Experts search for lost plane
Teams of French and Thai experts plied the vast and muddy Mekong River with high-tech sonar equipment today, ramping up the search for a Lao Airlines plane, 19 bodies still missing from the crash and clues to why the aircraft went down three days earlier.
On the riverbank, a group of orange-robed Buddhist monks performed a prayer ceremony for the 30 victims whose bodies have been recovered and those still missing.
Lao Airlines flight QV301 crashed Wednesday as it prepared to land in stormy weather at Pakse Airport in southern Laos. The plane then skidded into the Mekong River, the largest in Southeast Asia, and disappeared. All 49 people on board, more than half of whom were foreigners, are presumed dead.
By today, 30 bodies had been found and authorities were still trying to identify several of them, Lao Airlines said in a brief statement that offered no update of the ongoing investigation. The ATR-72 aircraft was delivered in March, raising questions into why a virtually new plane crashed.
Until today, the search for bodies and the plane's flight data recorder had been stalled by lack of manpower and equipment in Laos, which lacks capabilities in disaster management.
France's air accident investigation agency, the BEA, said it sent four investigators to help Laos. It said the team would work with technical advisers from ATR, the French-Italian manufacturer of the aircraft.

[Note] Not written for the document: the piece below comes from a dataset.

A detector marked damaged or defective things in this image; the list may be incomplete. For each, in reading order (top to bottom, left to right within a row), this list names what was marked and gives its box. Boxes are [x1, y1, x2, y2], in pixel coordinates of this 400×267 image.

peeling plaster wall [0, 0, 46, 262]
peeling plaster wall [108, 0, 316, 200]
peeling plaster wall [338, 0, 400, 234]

Thailand, meanwhile, sent a C-130 military transport plane with specialists and equipment, including several high-tech sonar systems, to locate objects on the river floor.
The French and Thai teams set out on small boats scanning the water's surface with the sonar equipment today, a stark contrast to previous days of searching that included Lao villagers peering into the murky water from long-tail boats.
Experts say the flight data and voice recorders could help determine if the crash was caused by human error or a technical problem. The chief pilot has been identified as 56-year-old Young San of Cambodia, who had more than 30 years of flying experience.
Cambodia's civil aviation security director, Mak Sam Ol, said he was briefed by Laotian authorities on a final instruction from the control tower.
"Due to a storm and strong winds, as the plan approached landing, the air controller told the pilot to change course," Mak Sam Ol said in a telephone interview. "He followed instructions but the plane faced strong storms and couldn't get through."
According to the airline, 44 passengers and five crew were on the flight. The passengers included 16 Lao nationals, seven French, six Australians, five Thais, three Koreans, three Vietnamese and one person each from China, Malaysia, Taiwan and the United States. A person who had been listed as a Canadian was instead added to the list of Vietnamese.